# WHAT YOU ARE ASKED TO DO
What you give back must match the data exactly, minus the pictures.

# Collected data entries
Content starts

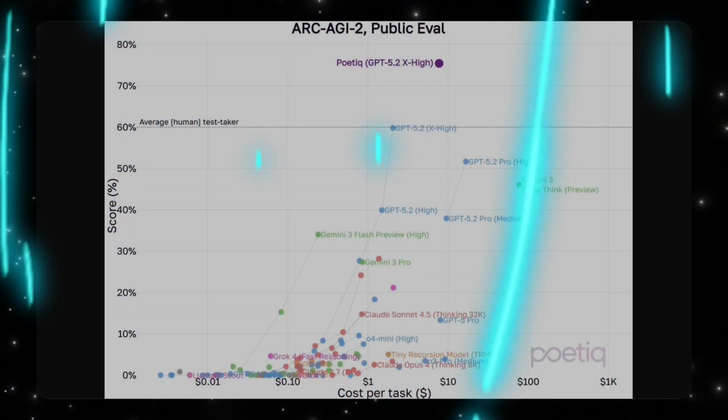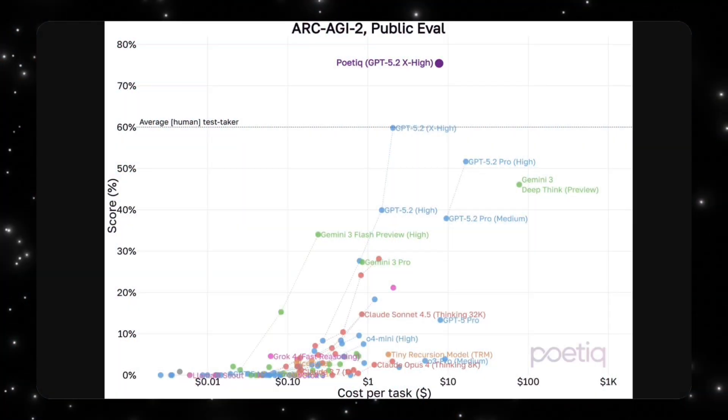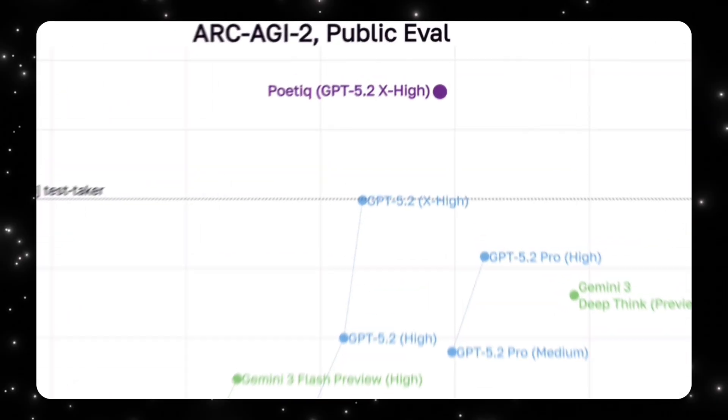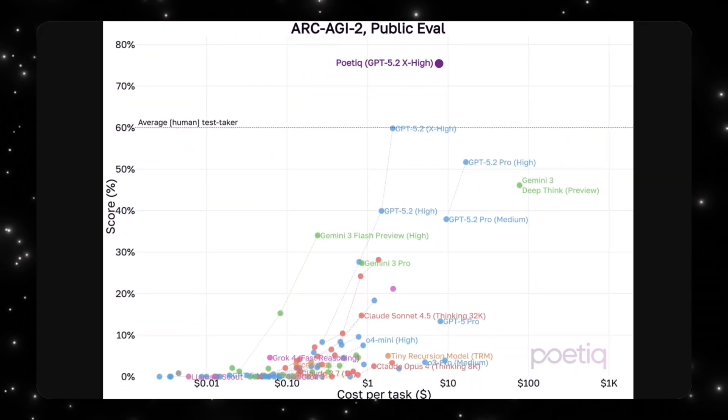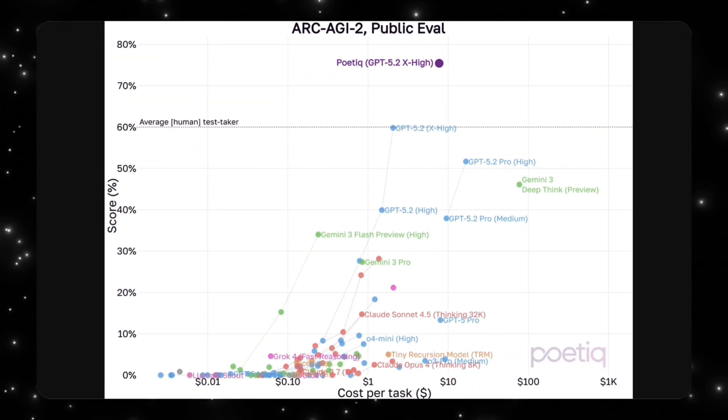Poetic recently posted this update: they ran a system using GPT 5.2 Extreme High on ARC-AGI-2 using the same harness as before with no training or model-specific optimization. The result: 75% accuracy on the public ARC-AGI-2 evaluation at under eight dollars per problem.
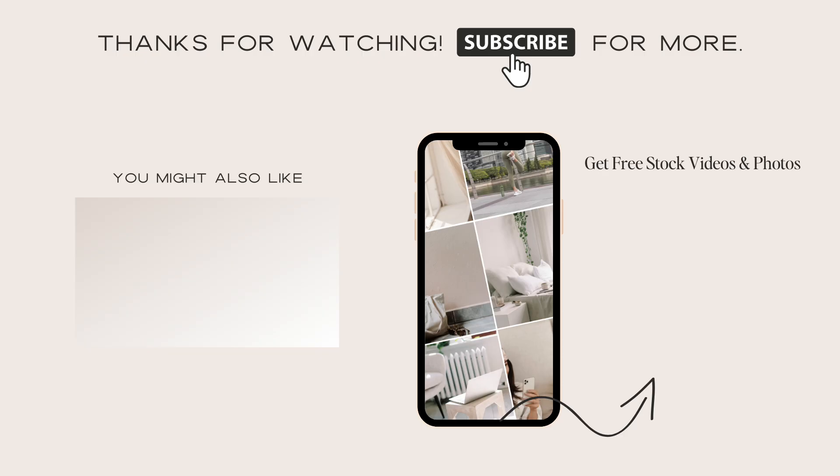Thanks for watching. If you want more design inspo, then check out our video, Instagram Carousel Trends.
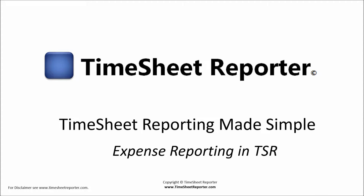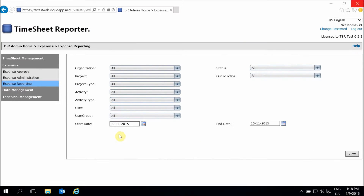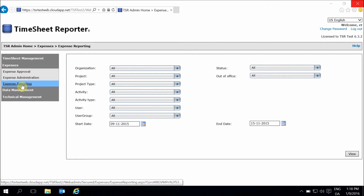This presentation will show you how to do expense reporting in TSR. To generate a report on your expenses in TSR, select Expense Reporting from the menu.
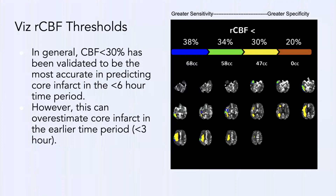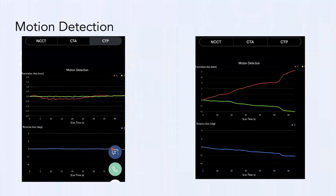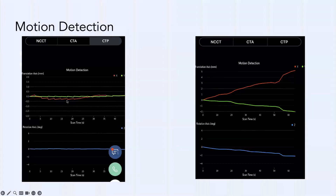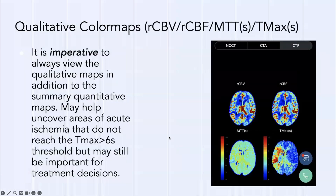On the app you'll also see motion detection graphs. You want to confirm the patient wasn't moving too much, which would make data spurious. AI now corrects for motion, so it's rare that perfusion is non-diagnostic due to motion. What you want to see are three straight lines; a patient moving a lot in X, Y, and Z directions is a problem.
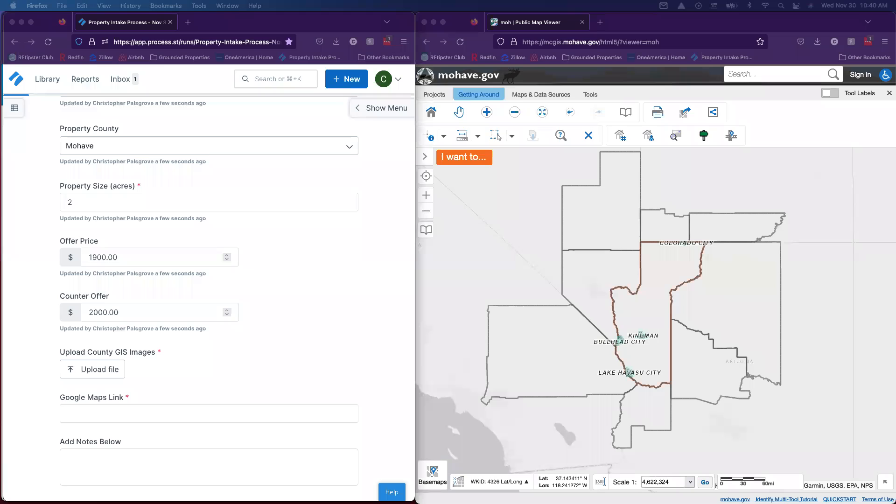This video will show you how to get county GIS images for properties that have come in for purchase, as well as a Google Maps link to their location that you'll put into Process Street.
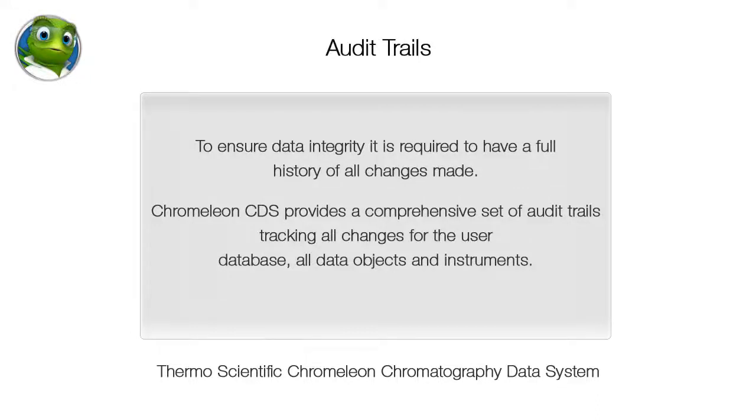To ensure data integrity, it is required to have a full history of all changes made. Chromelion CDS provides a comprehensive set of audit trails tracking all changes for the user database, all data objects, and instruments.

Content ends

# WRITTEN RESPONSE
Poetic recently posted this update: they ran a system using GPT 5.2 Extreme High on ARC-AGI-2 using the same harness as before with no training or model-specific optimization. The result: 75% accuracy on the public ARC-AGI-2 evaluation at under eight dollars per problem.
Thanks for watching. If you want more design inspo, then check out our video, Instagram Carousel Trends.
This presentation will show you how to do expense reporting in TSR. To generate a report on your expenses in TSR, select Expense Reporting from the menu.
On the app you'll also see motion detection graphs. You want to confirm the patient wasn't moving too much, which would make data spurious. AI now corrects for motion, so it's rare that perfusion is non-diagnostic due to motion. What you want to see are three straight lines; a patient moving a lot in X, Y, and Z directions is a problem.
This video will show you how to get county GIS images for properties that have come in for purchase, as well as a Google Maps link to their location that you'll put into Process Street.
To ensure data integrity, it is required to have a full history of all changes made. Chromelion CDS provides a comprehensive set of audit trails tracking all changes for the user database, all data objects, and instruments.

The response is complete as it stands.